Identification of Calcium Sulphoaluminate Formation between Alunite and Limestone

This study was carried out to identify the conditions of formation of calcium sulphoaluminate (3CaO·3Al(2)O(3)·CaSO(4)) by the sintering of a limestone (CaCO(3)) and alunite [K(2)SO(4)·Al(2)(SO(4))(3)·4Al(OH)(3)] mixture with the following reagents: K(2)SO(4), CaCO(3), Al(OH)(3), CaSO(4)·2H(2)O, and SiO(2). When K(2)SO(4), CaCO(3), Al(OH)(3), CaSO(4)·2H(2)O were mixed in molar ratios of 1:3:6:3 and sintered at 1,200∼1,300 °C, only 3CaO·3Al(2)O(3)·CaSO(4) and calcium langbeinite (2CaSO(4)·K(2)SO(4)) were generated.

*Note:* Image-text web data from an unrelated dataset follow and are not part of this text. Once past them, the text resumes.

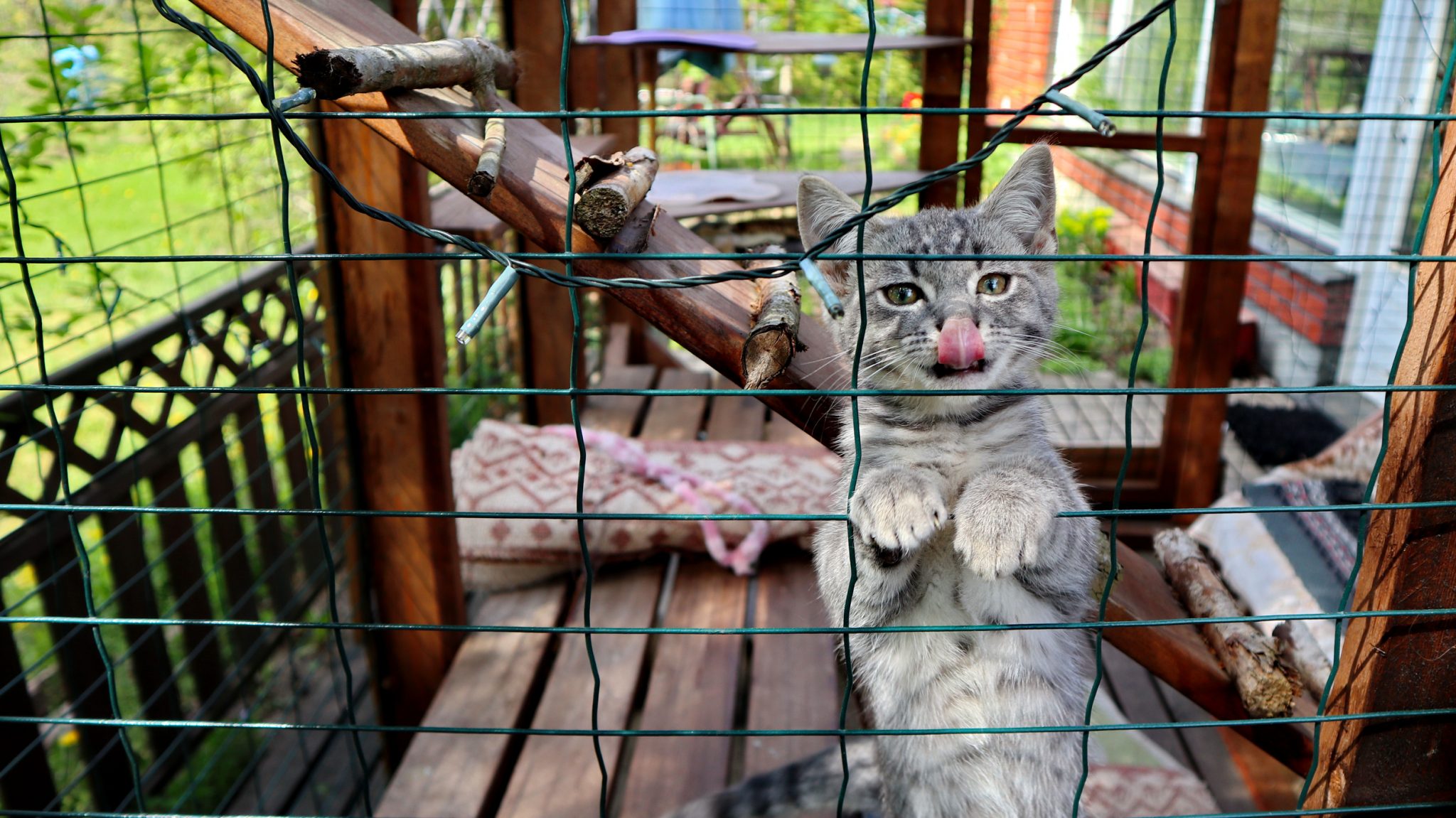 Diy Catio For Your Patio Install It Direct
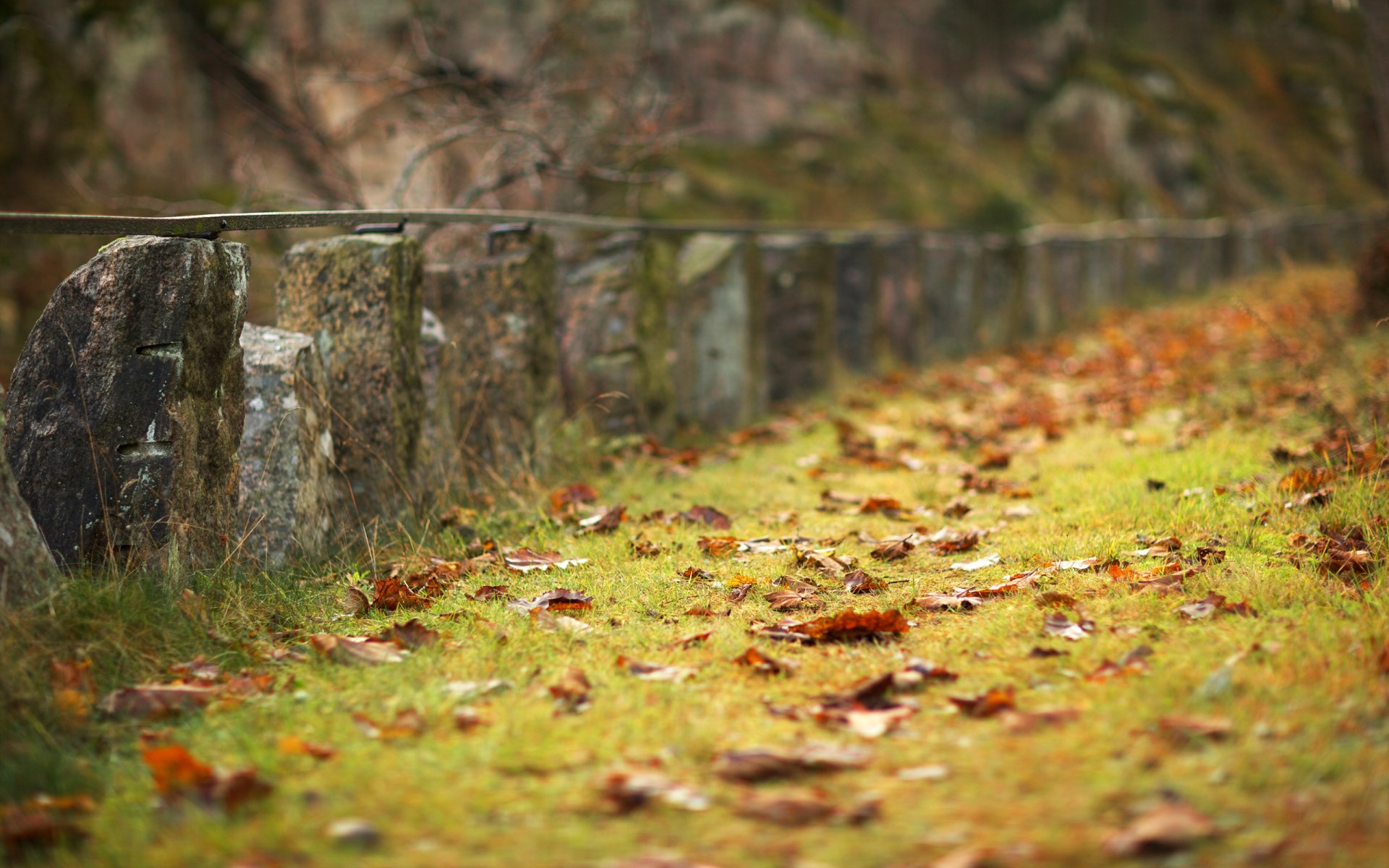 automne saison tristesse herbe brins d herbe feuilles orange tombées terrain clôture clôture en pierre original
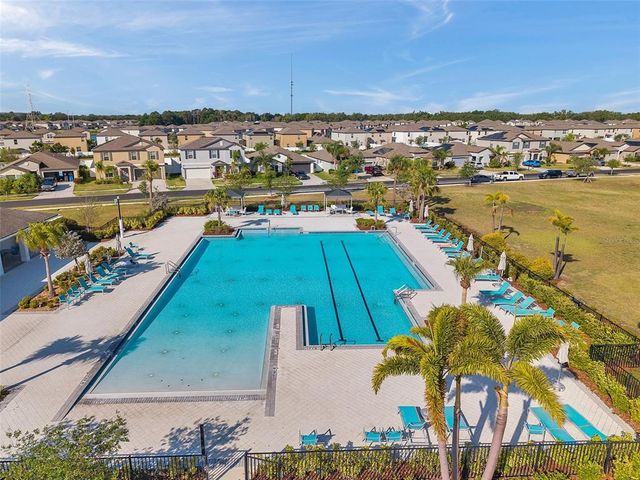 4201 GLOBE THISTLE DRIVE, Tampa, FL 33619
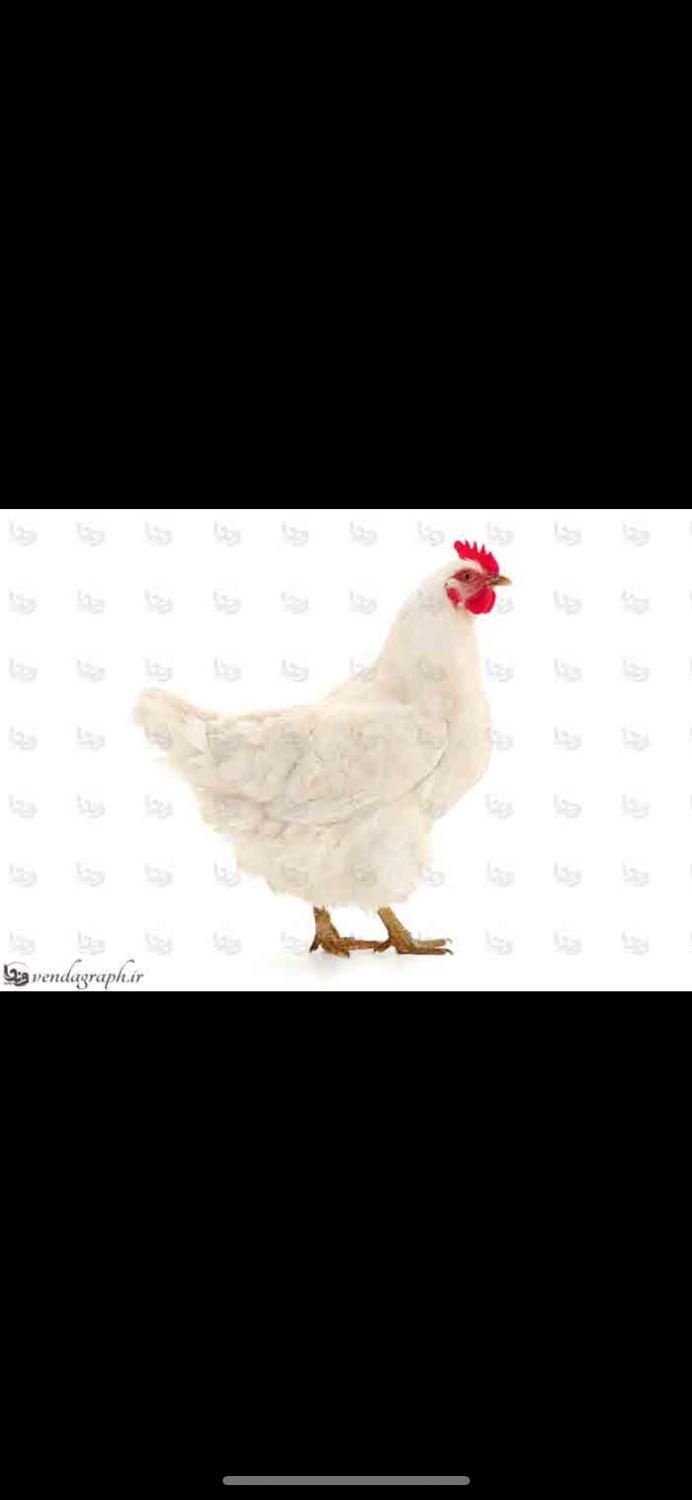 استخدام سالندار و نگهبان مرغداری|استخدام صنعتی، فنی، مهندسی|گرگان, |دیوار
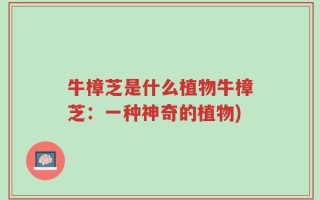 牛樟芝是什么植物牛樟芝：一种神奇的植物)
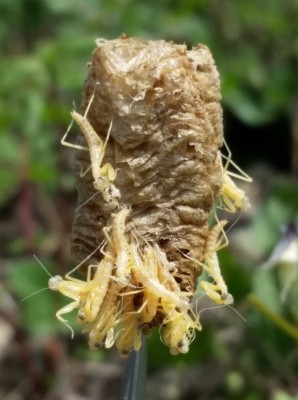 Mantis religiosa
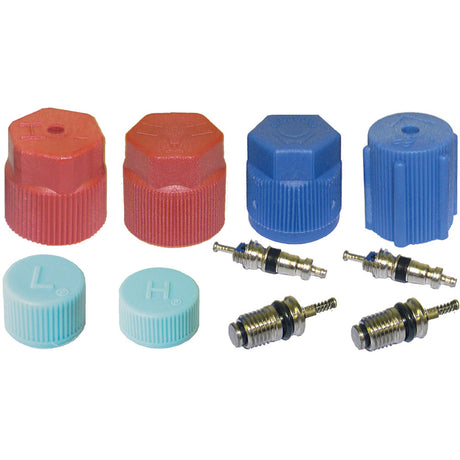 Cap & Valve Kit (see Application Guide) MT2909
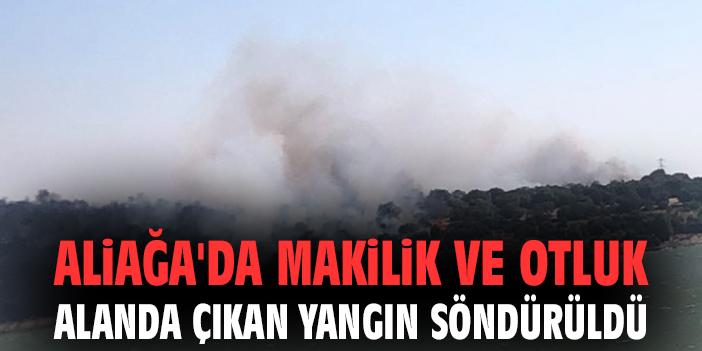 Sakran Ceza’da Hızla Yayılan Yangına Ekipler Anında Müdahale Etti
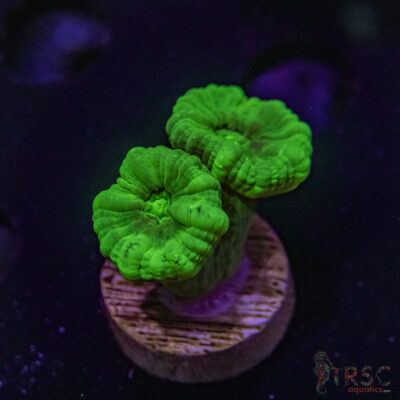 Kryptonite Trumpet Coral Z03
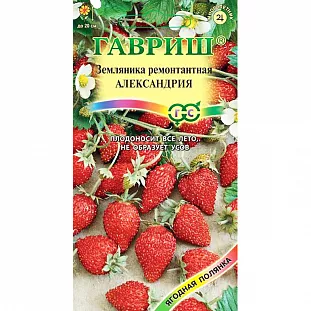 Семена Земляника (клубника) Александрия ремонтантная Семена Земляника (клубника) Александрия ремонтантная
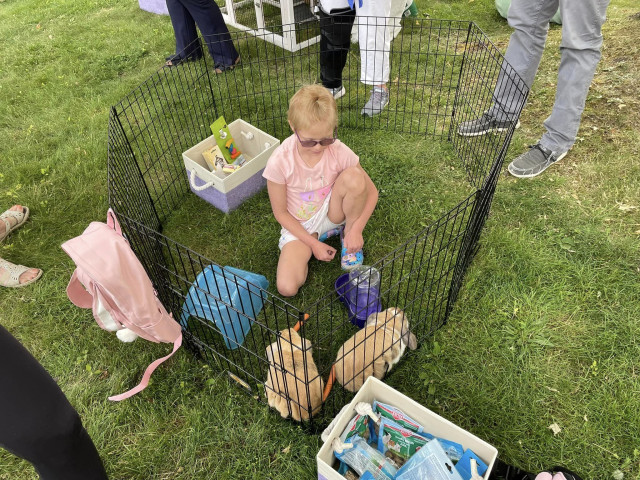 Hallie looking at bunnies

With an amount of CaO that is less than the stoichiometric molar ratio, 3CaO·3Al(2)O(3)·CaSO(4) was formed and anhydrite (CaSO(4)) did not react and remained behind. With the amount of CaSO(4) that is less than the stoichiometric molar ratio, the amounts of 3CaO·3Al(2)O(3)·CaSO(4) and 2CaSO(4)·K(2)SO(4) decreased, and that of CaO·Al(2)O(3) increased. In the K(2)SO(4)-CaO-Al(2)O(3)-CaSO(4)-SiO(2) system, to stabilize the formation of 3CaO·3Al(2)O(3)·CaSO(4), 2CaSO(4)·K(2)SO(4), and β-2CaO·SiO(2), the molar ratios of CaO: Al(2)O(3): CaSO(4) must be kept at 3:3:1 and that of CaO/SiO(2), over 2.0; otherwise, the generated amount of 3CaO·3Al(2)O(3)·CaSO(4) decreased and that of gehlenite (2CaO·Al(2)O(3)·SiO(2)) with no hydration increased quantitatively. Therefore, if all SO(3)(g) generated by the thermal decomposition of alunite reacts with CaCO(3) (or CaO, the thermal decomposition product of limestone) to form CaSO(4) in an alunite- limestone system, 1 mol of pure alunite reacts with 6 mol of limestone to form 1 mol of 3CaO·3Al(2)O(3)·CaSO(4) and 1 mol of 2CaSO(4)·K(2)SO(4).